[<prev] [next>] [<thread-prev] [thread-next>] [day] [month] [year] [list]
Message-ID: <20150703141716.785a27c5@free-electrons.com>
Date: Fri, 3 Jul 2015 14:17:16 +0200
From: Thomas Petazzoni <thomas.petazzoni@...e-electrons.com>
To: Gregory CLEMENT <gregory.clement@...e-electrons.com>
Cc: Jason Cooper <jason@...edaemon.net>, Andrew Lunn <andrew@...n.ch>,
Sebastian Hesselbarth <sebastian.hesselbarth@...il.com>,
Ezequiel Garcia <ezequiel.garcia@...e-electrons.com>,
linux-arm-kernel@...ts.infradead.org,
Maxime Ripard <maxime.ripard@...e-electrons.com>,
Boris BREZILLON <boris.brezillon@...e-electrons.com>,
Lior Amsalem <alior@...vell.com>,
Tawfik Bayouk <tawfik@...vell.com>,
Nadav Haklai <nadavh@...vell.com>, linux-pm@...r.kernel.org,
linux-kernel@...r.kernel.org
Subject: Re: [PATCH v2 2/4] ARM: mvebu: Add standby support
Gregory,
On Fri, 03 Jul 2015 13:39:49 +0200, Gregory CLEMENT wrote:
> Having 2 initcall does not work because, there is a dependency between these
> 2 calls. And actually the suspend_ops is registered before the board specific
> hook. As soon as the suspend_ops is registered, mvebu_pm_valid() is called but
> at this point mvebu_board_pm_enter is NULL so PM_SUSPEND_MEM is not available.
And? It will become available soon afterwards.
> All the complexity of the original patch was to allow registering a handler
> without needed to get the resource(gpio device) that are not available when using
> arch_initcall(). However the device_initcall_sync comes latter enough to
> get all the devices registered but it still happens before the late_initcall,
> so I will use this one and I will add a comment around it.

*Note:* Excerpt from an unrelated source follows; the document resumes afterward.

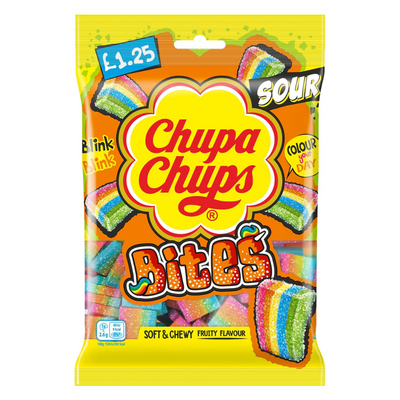 Chupa Chups Mini Bites Bag 120g (UK)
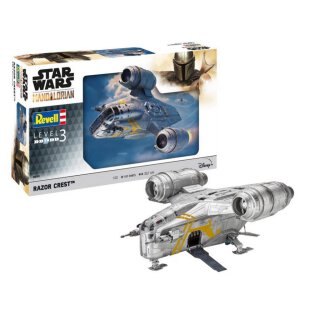 Revell 06781 The Mandalorian: The Razor Crest 1:72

I don't think we care about the order in which the initcalls are called.
If the SoC level init call registering the suspend_ops gets called
first, then at the beginning there is only support for standby. The
support for suspend to RAM will be enabled once the board-level init
call gets called.
If the board level init call is called first, then it will set
mvebu_board_pm_enter. It is not useful at this point. Until the SoC
level init call registers the suspend_ops.
I believe that the ->valid() method of suspend_ops gets called when the
user actually enters the suspend state by writing to /sys/power/state.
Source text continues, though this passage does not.